Presque au bout. Laurent et Céline, de l’Aiguillage, m’attendent en fin d’après-midi. Une partie de moi a hâte que ça se termine. L’autre est impatiente de découvrir une nouvelle histoire. Celle de l’Aiguillage est faite de volonté et de patience. La clé pour que, dix ans après la création de l’association Le Quai des Arts, l’ancienne gare, symbole de la révolte des vignerons Aubois en 1911, devienne un lieu culturel incontournable de l’Aube. Au fil du récit, je me sens transporté. Car, malgré les obstacles, le collectif n’a jamais rien lâché, jamais abandonné l’envie d’amener de la vie culturelle dans le territoire ; quitte à frapper à toutes les portes et à faire rentrer dans toutes les structures un peu d’art, de poésie et de musique. Aujourd’hui, les voyants sont au vert et la gare retrouve une seconde jeunesse.
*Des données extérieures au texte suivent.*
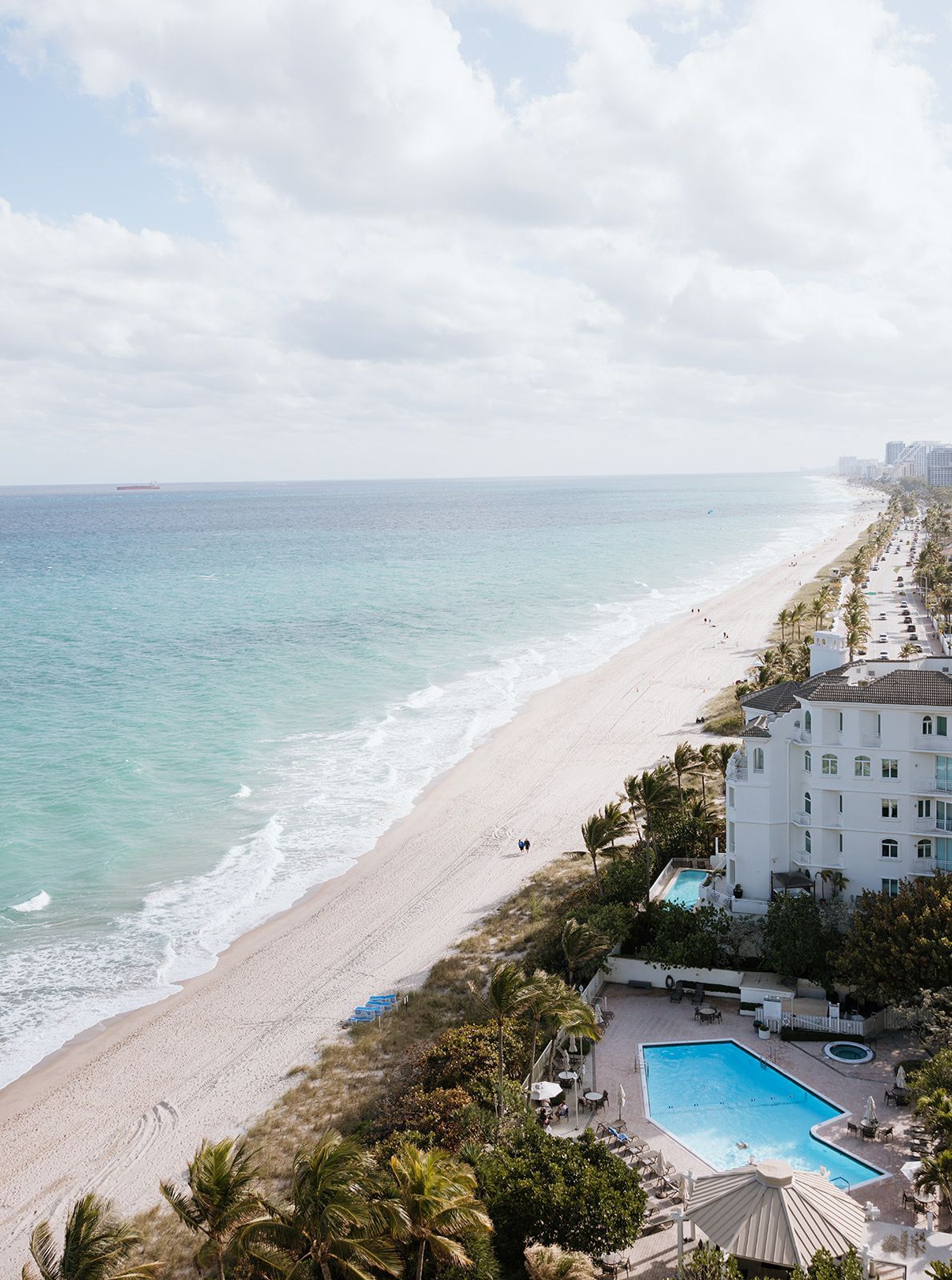 An aerial view of a beach with a swimming pool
Les efforts payent et je suis sincèrement admiratif du collectif et de l’ensemble des bénévoles qui auront orienté l’Aiguillage jusqu’à ce niveau d’aboutissement. J’ai aussi particulièrement hâte de revenir à l’occasion d’un concert ou quelque manifestation que ce soit et profiter de l’excellente compagnie de Laurent et Céline que je quitte trop rapidement.



Aurores boréales


« You met me at a very strange time in my life. » (Edward Norton / Fight Club)

Sur la route qui me mène à mon tout dernier spot, sur les hauteurs du Mont Lassois, je prends soudain conscience que c’est fini. Un sentiment d’accomplissement m’envahit soudain et je pleure, de bonheur cette fois-ci. Je souris aux larmes, je ris à gorge déployé. Le van conduit presque tout seul ; comme s’il comprenait mon besoin de m’extraire, trente secondes, de la rigueur de la conduite. J’explose littéralement. Je suis allé au bout. J’ai fait ce que j’ai dit que je ferai. J’ai vécu des rencontres formidables, survécu à ma mélancolie. J’ai vu des vieux amis, rencontré de nouveaux. J’ai beaucoup pleuré mais aussi beaucoup ri. J’ai donné et reçu tant d’énergie. Je suis plein, rempli de nouveaux horizons et comblé de paysages incroyables. Seul mon cœur reste vide mais, ce soir, ce n’est pas important. Parvenu au sommet du Mont Lassois, je suis accueilli par un ciel couchant drapé par les rayons du soleil. On dirait des aurores boréales. Au loin, un cerf brâme tout son désir. Comme pour récompenser mes efforts, et au moment de me coucher, je ne résiste plus. Le souffle du chauffage emplit peu à peu la cabine et mon corps. Demain est un autre jour, celui du prochain chapitre de ma vie.